Please copy each line of the data that includes the string "Cotton".

== Available data

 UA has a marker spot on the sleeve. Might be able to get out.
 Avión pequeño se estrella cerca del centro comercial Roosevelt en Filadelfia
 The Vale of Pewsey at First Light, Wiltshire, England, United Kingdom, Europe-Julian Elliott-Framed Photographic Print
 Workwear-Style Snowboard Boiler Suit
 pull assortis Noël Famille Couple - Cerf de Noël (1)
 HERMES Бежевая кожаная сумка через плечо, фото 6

====
== Available data

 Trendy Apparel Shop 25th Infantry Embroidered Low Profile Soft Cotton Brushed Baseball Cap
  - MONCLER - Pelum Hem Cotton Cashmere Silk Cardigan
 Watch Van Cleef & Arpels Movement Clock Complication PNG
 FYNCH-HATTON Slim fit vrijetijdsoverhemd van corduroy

====

* **Response**
 Trendy Apparel Shop 25th Infantry Embroidered Low Profile Soft Cotton Brushed Baseball Cap
  - MONCLER - Pelum Hem Cotton Cashmere Silk Cardigan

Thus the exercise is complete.